Camera Icon“Labor is making the rental crisis worse,” Adam Bandt will say, according to excerpts of his speech. Credit: Martin Ollman /News Corp Australia

Greens leader Adam Bandt has accused Labor of making the rental crisis worse and wants it to offer the States $1.6 billion in incentives to freeze rents while slashing tax breaks for “property moguls”.

The minor party leader will use a speech to the National Press Club on Wednesday to set out a plan for tackling the growing crisis, signalling a fight for votes over housing and telling the Government it must come up with a significant package of measures to win the Greens’ backing for its housing fund.

“Labor is making the rental crisis worse,” Mr Bandt will say, according to excerpts of his speech.

“Labor is the party of property moguls. The Greens are fighting for renters and affordable homes for all.”

He wants the Government to double the funding it offers to the states to build social and affordable housing, with the extra $1.6 billion only available to those jurisdictions that implement a two-year rent freeze.

As well, he is calling for Commonwealth rent assistance for people on welfare to be doubled if JobSeeker isn’t boosted, and for the Government to directly build 225,000 publicly owned properties over the next decade.

This would cost an estimated $69.4 billion over the next 10 years.

But it could be more than offset by reigning in negative gearing for people with more than one investment property and scrapping tax breaks on capital gains for investment properties.

Those two measures would save the Government $74 billion over the decade, Parliamentary Budget Office costings for the Greens show.

Mr Bandt says the change doesn’t target people who own one extra house or flat.

“We’re calling for an end to tax breaks the government is currently giving to people who own three, four, 12 or 25 properties,” he will say.

“It is about the 20,000 wealthy moguls who own more than six properties each and claim these handouts for the 151,000 houses they own between them.”

Capital gains discounts cost the Budget $23.7 billion in 2022-23 alone while negative gearing was worth $24.4 billion.

In WA, rising rents are placing the most pressure on people living in Perth’s outer reaches, new analysis of Census data finds.

In Canning, almost two in five households were spending more than 30 per cent of their income on rent when the Census was done in 2021.

Pearce and Burt were both slightly above the national average of 32.2 per cent of households being in rental stress while Cowan and Brand were the same as the national average.
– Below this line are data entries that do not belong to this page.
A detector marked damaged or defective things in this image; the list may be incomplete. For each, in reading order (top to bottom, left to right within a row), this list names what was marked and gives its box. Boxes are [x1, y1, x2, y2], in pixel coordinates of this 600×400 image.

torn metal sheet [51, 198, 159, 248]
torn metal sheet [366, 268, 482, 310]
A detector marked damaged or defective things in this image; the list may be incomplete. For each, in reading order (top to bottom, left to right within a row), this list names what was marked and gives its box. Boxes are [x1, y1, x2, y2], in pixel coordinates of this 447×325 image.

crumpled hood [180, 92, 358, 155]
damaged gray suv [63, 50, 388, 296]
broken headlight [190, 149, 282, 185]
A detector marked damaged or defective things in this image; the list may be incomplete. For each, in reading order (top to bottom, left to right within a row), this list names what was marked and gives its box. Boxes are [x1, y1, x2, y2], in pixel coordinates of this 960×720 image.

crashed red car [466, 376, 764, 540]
Hasluck was close behind.

Rents have continued to rise sharply since the Census, with the latest Real Estate Institute of WA data showing the median weekly rent for a house in Perth is now $550 and $495 for an apartment.

The vacancy rate is 0.7 per cent, meaning it is very hard for people to find another place to live if their landlord wants to increase the rent or evict them.
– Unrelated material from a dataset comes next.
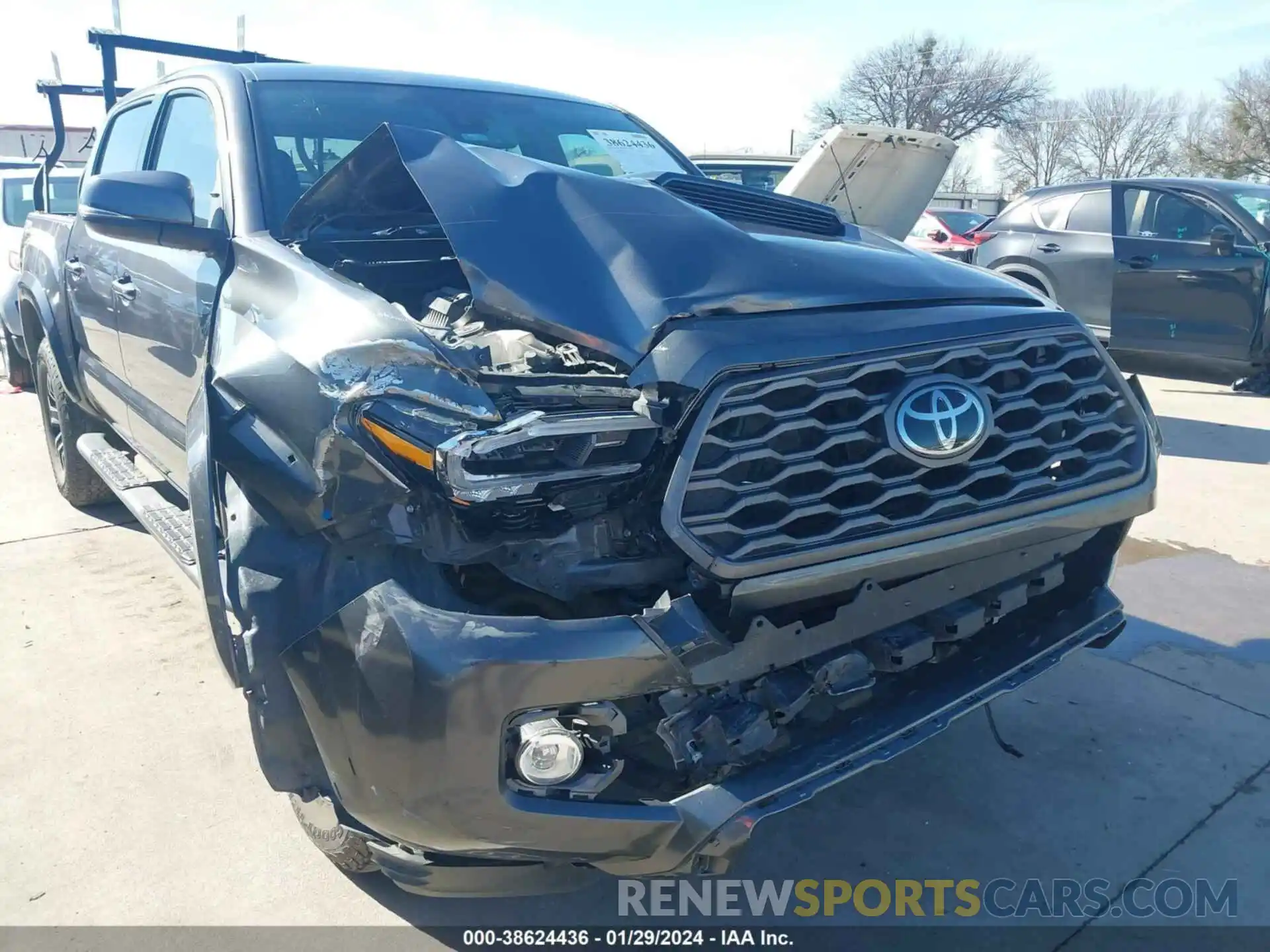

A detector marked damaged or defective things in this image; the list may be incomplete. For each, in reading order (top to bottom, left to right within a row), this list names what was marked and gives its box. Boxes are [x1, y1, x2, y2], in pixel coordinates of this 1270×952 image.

crumpled hood [286, 121, 1041, 368]
damaged gray pickup truck [17, 63, 1163, 898]
detached grille panel [670, 333, 1148, 578]
damaged front bumper [280, 487, 1143, 898]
A key plank of the Government’s plan to address the affordable housing crisis involves adding $10 billion to the Future Fund with the earnings on the money of up to $500 million annually to be spent building 30,000 affordable homes over the next five years.

The Greens have derided this as “gambling on the stock market” and want spending on public and affordable housing increased tenfold.

“If Labor wants our support on their housing bill, they need a package that meets the scale of the crisis,” Mr Bandt says.

He points to the Federal Government’s action on energy prices late last year and how Prime Minister Anthony Albanese pushed the Premiers to act too.

“It is unacceptable and irresponsible for the Prime Minister to throw his hands up and put the Greens’ rent freeze proposal in the too-hard basket when Labor holds almost every seat around the National Cabinet table,” he says.